Problem requirements: Begin at the line containing "190 Springville Ave - Photo 4 of 28" and give again every line to the end of the records, exactly, without the pictures.

Provided data:
* * *

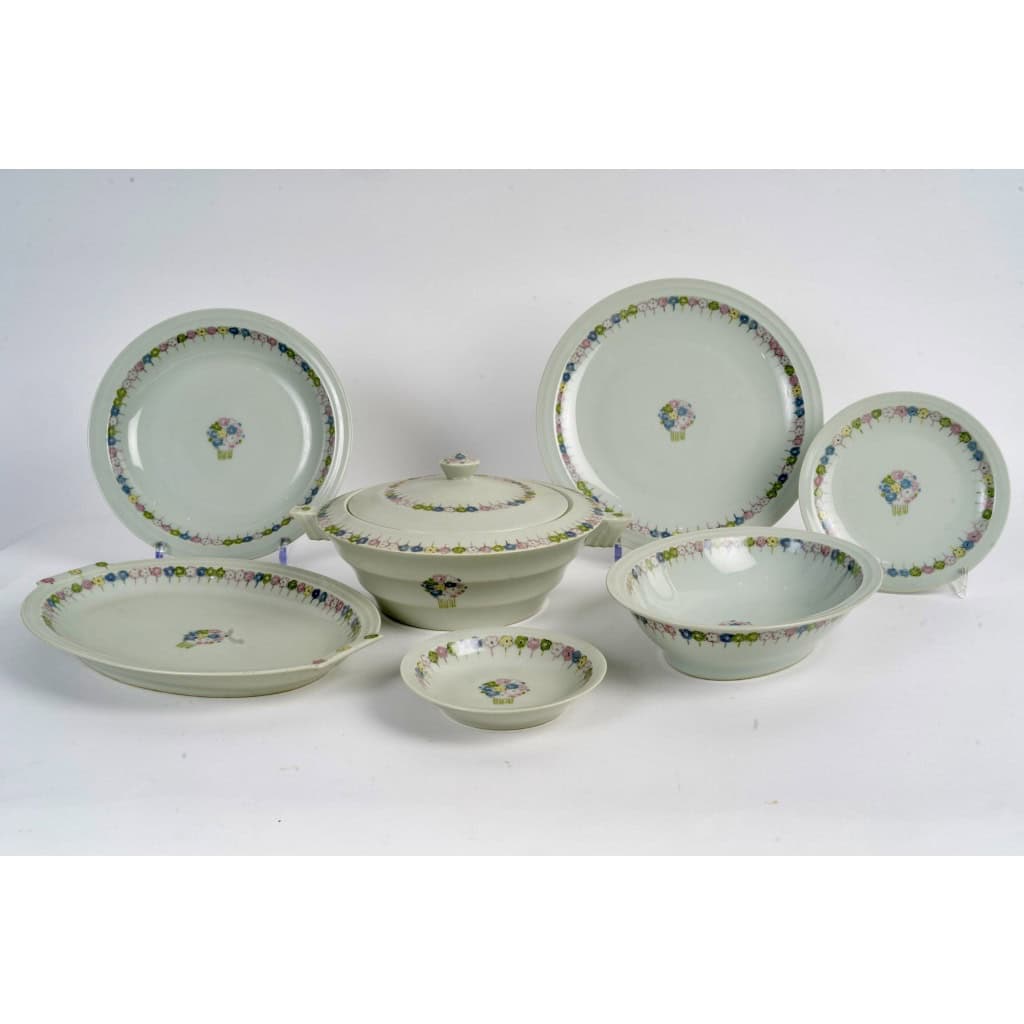 Suzanne Lalique Et Haviland – Nicole Celadon Porcelain Service – 35 pieces 3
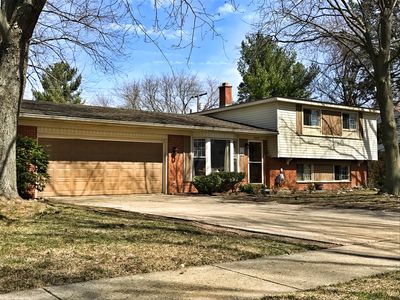 8658 Buffalo Dr, Commerce Township, MI, 48382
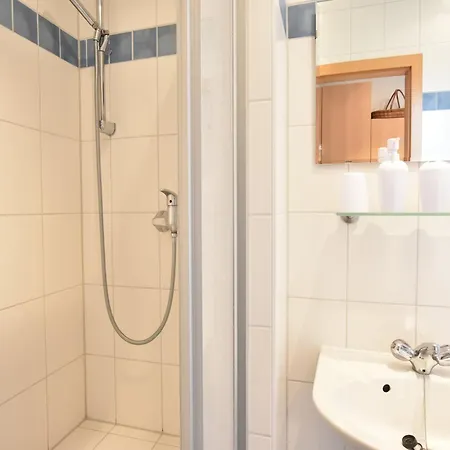 公寓 Stilvolle Mit Garten In Rerik, Cleaning Included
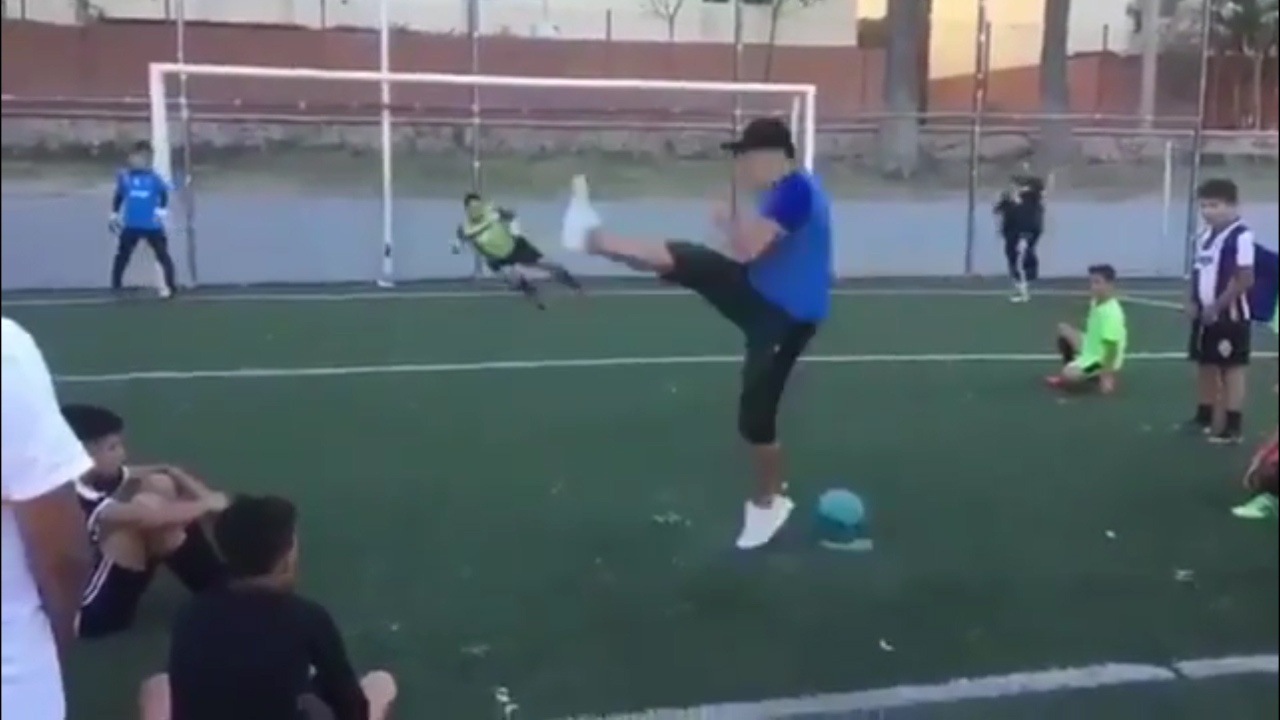 Clip thanh nien Argentina sut penalty theo kieu 'mot vong trai dat' hinh anh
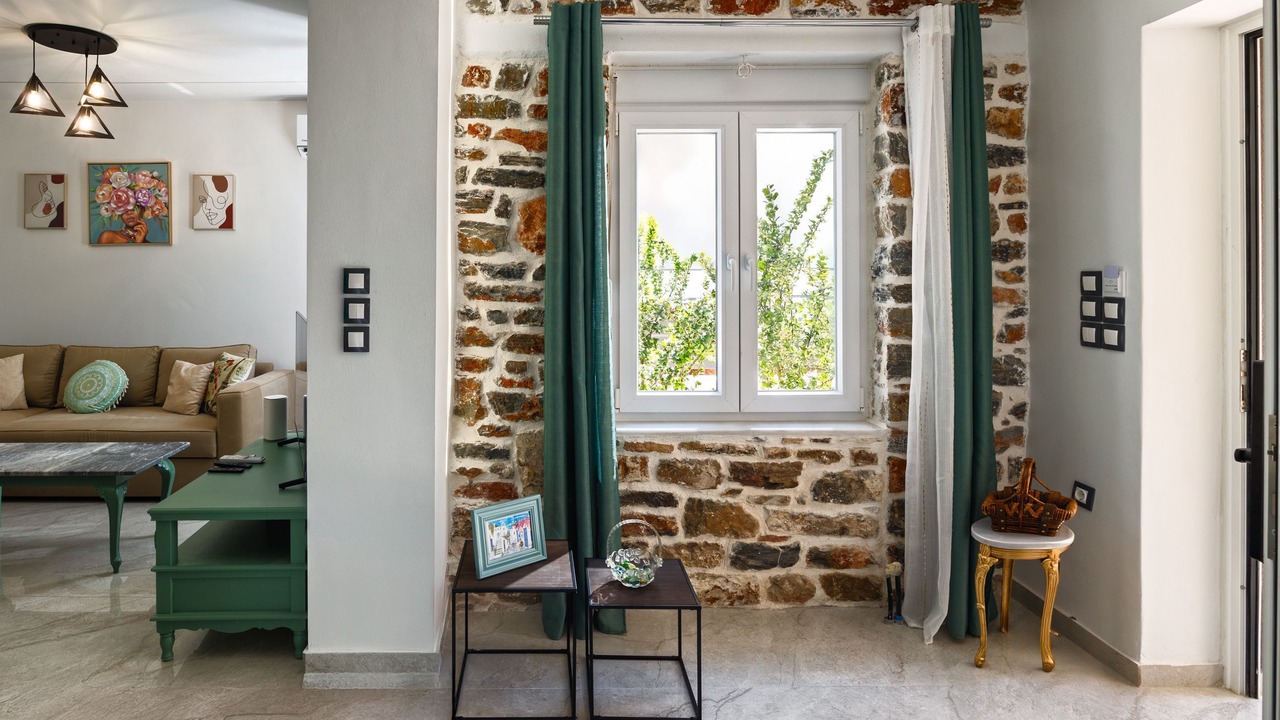 Photo of Livingroom in Volos City Centre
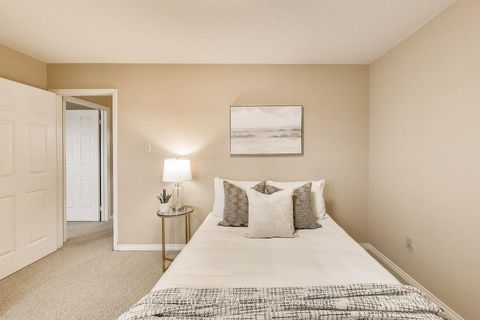 Photo 22 at 22 Lavery Trail, Highland Creek, Toronto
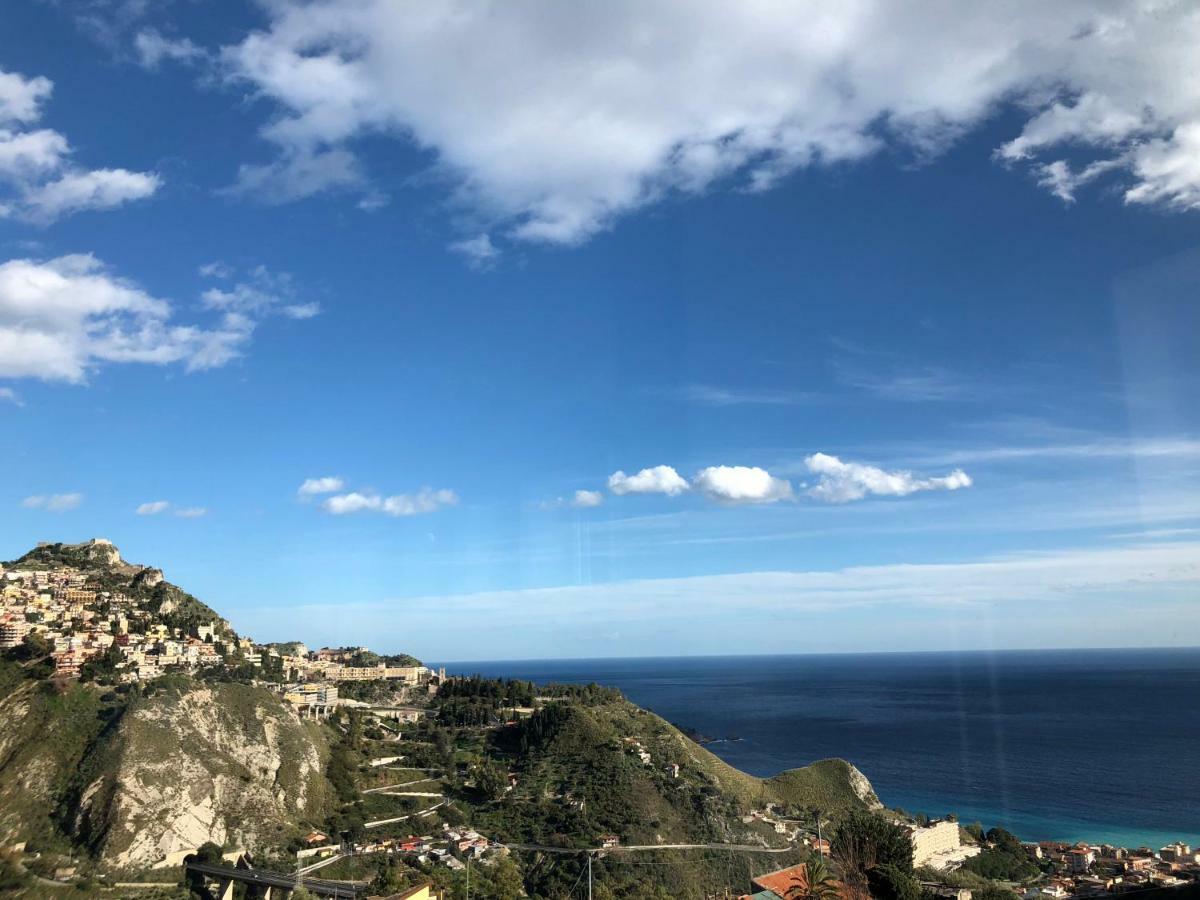 Villa Nina 2013 Appartamento Taormina Kültér fotó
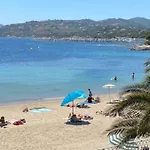 Climatise Avec Terrasse Et Apercu - Golf De St Tropez *
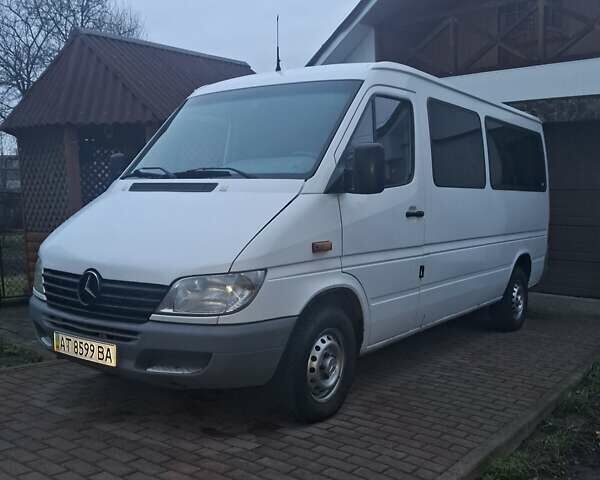 Белый Мерседес Sprinter, объемом двигателя 2.9 л и пробегом 445 тыс. км за 6800 $, фото 7 на Automoto.ua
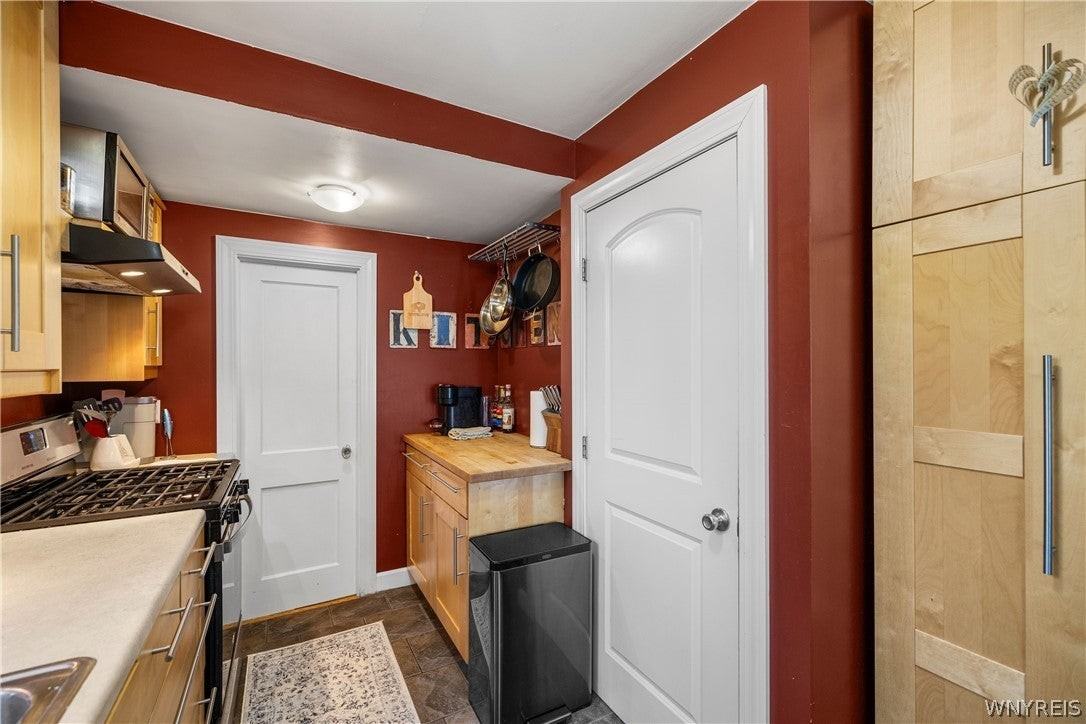190 Springville Ave - Photo 4 of 28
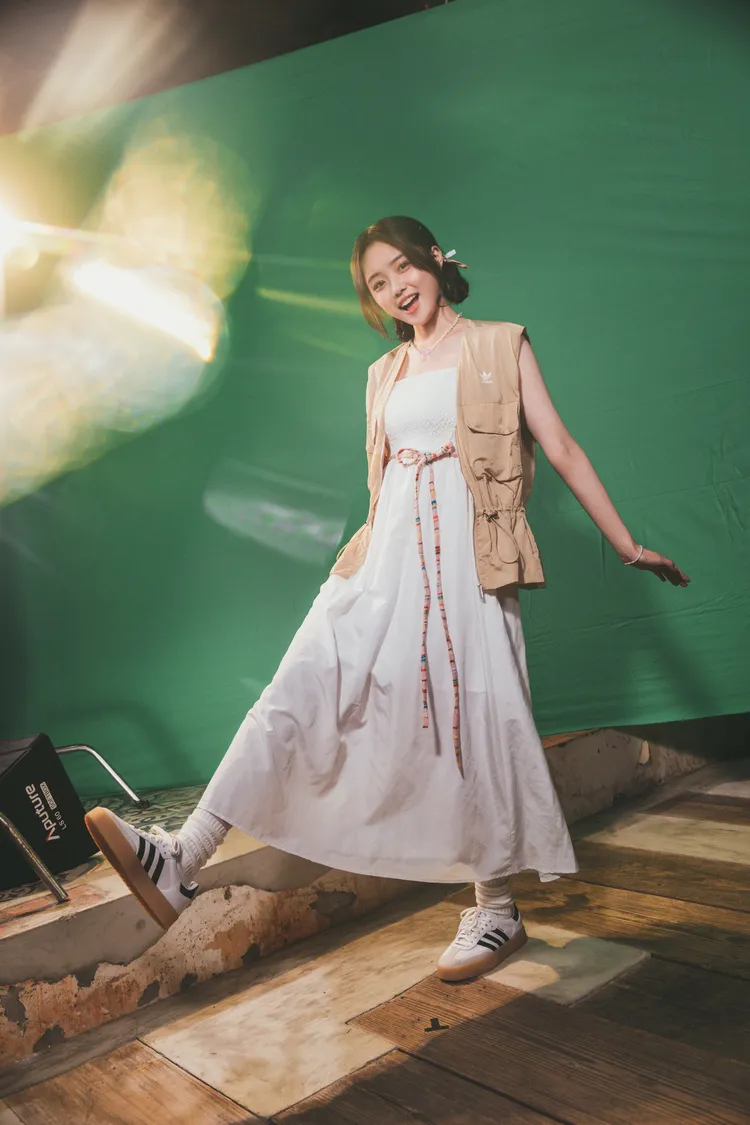 杯緹首波單曲《Shyyyyyy:)》更是最能代表杯緹性格的歌曲，慢熱之於還帶著女孩專屬的青澀感。時大音樂提供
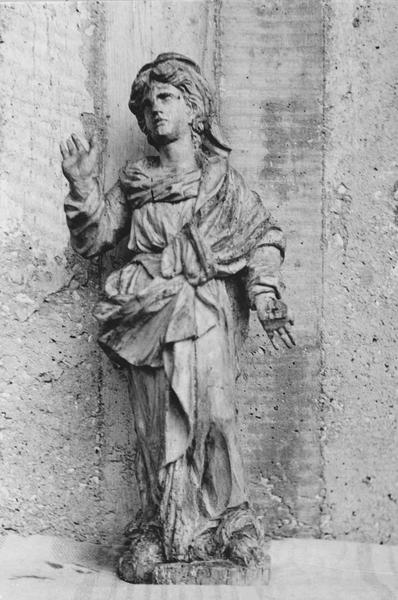 statue : sainte femme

* * *

Exercise solution:
190 Springville Ave - Photo 4 of 28
 杯緹首波單曲《Shyyyyyy:)》更是最能代表杯緹性格的歌曲，慢熱之於還帶著女孩專屬的青澀感。時大音樂提供
 statue : sainte femme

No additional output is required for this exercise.